4. Want ze hebben Mij verlaten en deze plaats van Mij vervreemd, doordat ze er offers hebben verbrand voor andere goden, die zij, hun vaders en de koningen van Juda niet kenden. En ze hebben deze plek doordrenkt met het bloed van onschuldigen.
5. Want ze hebben offerhoogten voor de Baäl gebouwd en daarop hun zonen verbrand als brandoffer voor de Baäl. Dat had Ik hun niet bevolen, Ik heb hun dat nooit gezegd, het is nooit in mijn hart opgekomen.
6. Zie, daarom komt er een tijd, zegt de Heer, dat deze plek niet meer Tofet of Ben-Hinnomdal genoemd zal worden, maar Dal van de slachting.
7. Want hier zal Ik de plannen van Juda en Jeruzalem verijdelen. Ik maak dat ze zullen worden geveld door het zwaard van hun vijanden, het zwaard van degenen die hen naar het leven staan. En Ik zal hun lijken aan de vogels en de wilde dieren tot voedsel geven.
8. Ik zal deze stad tot een schrikbeeld maken en tot een mikpunt van spot. Iedereen die er voorbij komt, zal ontzet zijn over al het onheil waardoor ze getroffen is, en spottend fluiten.
9. Ik zal maken dat de inwoners het vlees van hun eigen zonen en dochters zullen eten en elkaars vlees, tijdens de hongersnood van de belegering, wanneer hun vijanden die hen naar het leven staan hen tot wanhoop drijven.'
10. Gooi daarna de kruik stuk, voor de ogen van de mannen die met je zijn meegegaan.
11. Zeg tegen hen: 'Dit zegt de Heer van de hemellegers: Ik zal dit volk en deze stad verbrijzelen zoals men een aardewerk kruik onherstelbaar verbrijzelt. Men zal hen in Tofet begraven, omdat er nergens anders nog plaats is.
12. Dat is wat Ik met deze plaats en zijn inwoners zal doen, zegt de Heer. Ik zal deze stad veranderen in een Tofet.
13. De huizen van Jeruzalem en de paleizen van de koningen van Juda zullen zo onrein worden als Tofet, ja, alle huizen waar men op de daken offers heeft verbrand voor de menigte hemellichten en aan andere goden wijnoffers heeft gebracht.' "

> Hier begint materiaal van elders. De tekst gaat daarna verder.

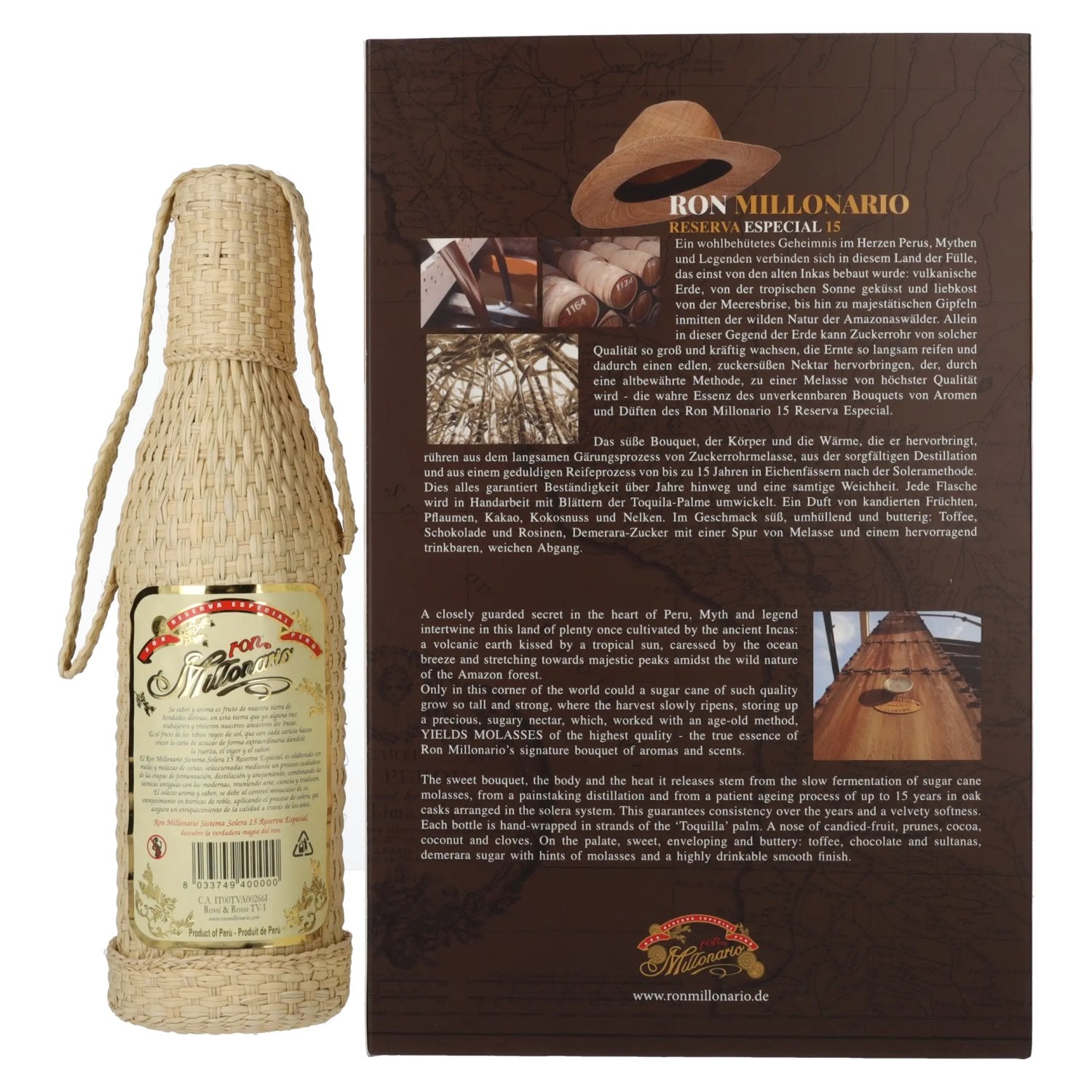 Ron Millonario 15 Solera Reserva Especial 40% Vol. 0.7l in gift box with 2 glasses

14. Toen Jeremia terugkwam van Tofet, waarheen de Heer hem gezonden had om te profeteren, ging hij in de voorhof van het huis van de Heer staan en zei tegen de menigte daar:
15. "Dit zegt de Heer van de hemellegers, de God van Israël: Zie, Ik laat over deze stad en alle andere steden al het onheil komen dat Ik daarover uitgesproken heb, omdat ze koppig zijn geweest en niet naar mijn woorden hebben willen luisteren."